This is now (2016–17)
As the final days of President John Adams’s first and only term in office shows, Presidents who care about preserving their legacies may use nominations to the Supreme Court or to lower federal courts to achieve that end. Adams, one of the Founding Fathers of the United States, set a precedent of rather aggressive manipulation of the Judicial branch after he had been defeated in his bid for re-election. Although few Presidents have been quite so bold as Adams, most Presidents since 1800 have at the very least exercised their Constitutional duty to nominate Supreme Court justices in ways designed to increase the odds that their legacies will stand up in future Supreme Court contests.
President Barack Obama nominated two women to the Supreme Court, Associate Justices Sonia Sotomayo in 2009 and Elena Kagan in 2010, both of whom were confirmed by substantial margins in the United States Senate. On March 16, 2016, he nominated Merrick Garland to fill the vacancy left by the death of Associate Justice Antonin Scalia. The Republican-dominated Senate, however, did not give Judge Garland so much as a hearing and pledged not to hold a vote on Judge Garland or any other nomination to Supreme Court that President Obama might make during an election year. If Presidents can use machinations to tilt the Supreme Court in their favor, so can the United States Senate.

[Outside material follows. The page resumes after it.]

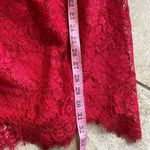 Gal Meets Glam Collection Lucia Lace Dress Photo 13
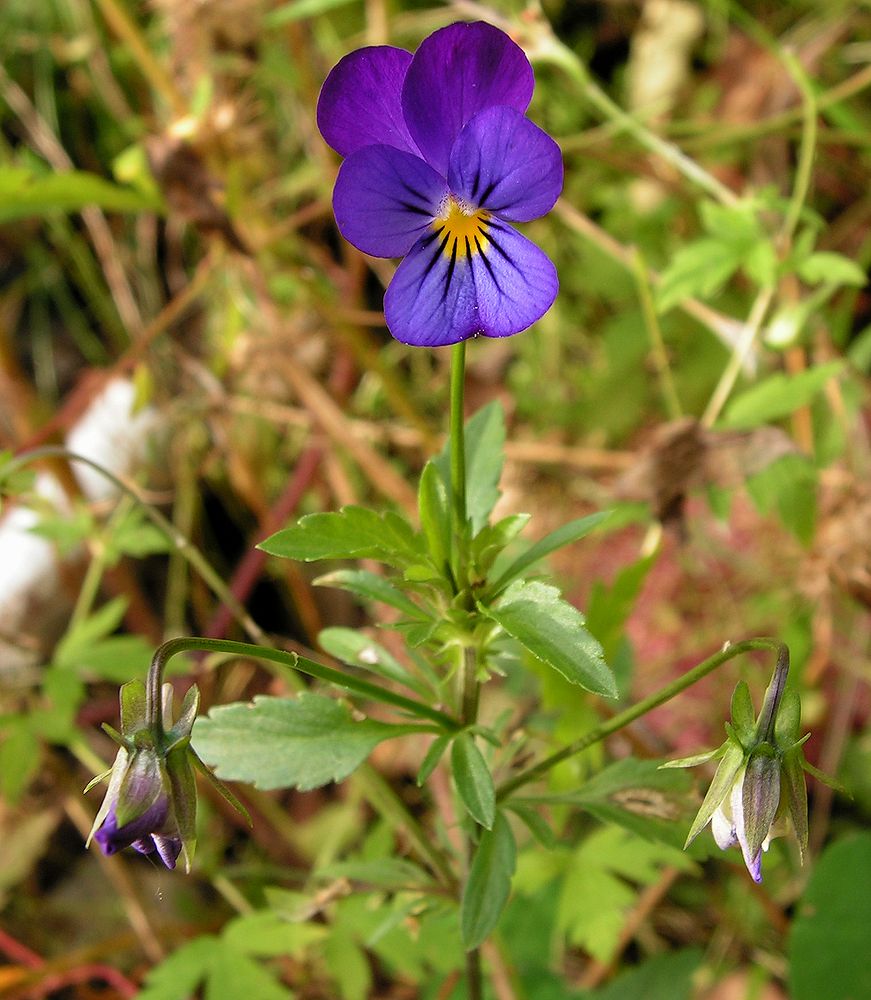 Изображение особи Viola tricolor.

What remains to be seen is whether the newly inaugurated 45th President and the Republican-controlled Congress will strive to nominate and confirm a Supreme Court Justice that holds to the standard of impartiality articulated by John Marshall in Osborn v. Bank of the United States in 1824:
Courts are the mere instruments of the law, and can will nothing. When they are said to exercise a discretion, it is a mere legal discretion, a discretion to be exercised in discerning the course prescribed by law; and, when that is discerned, it is the duty of the Court to follow it. Judicial power is never exericised for the purpose of giving effect to the will of the Judge; always for the purpose of giving effect to the will of the Legislature; or, in other words, to the will of the law.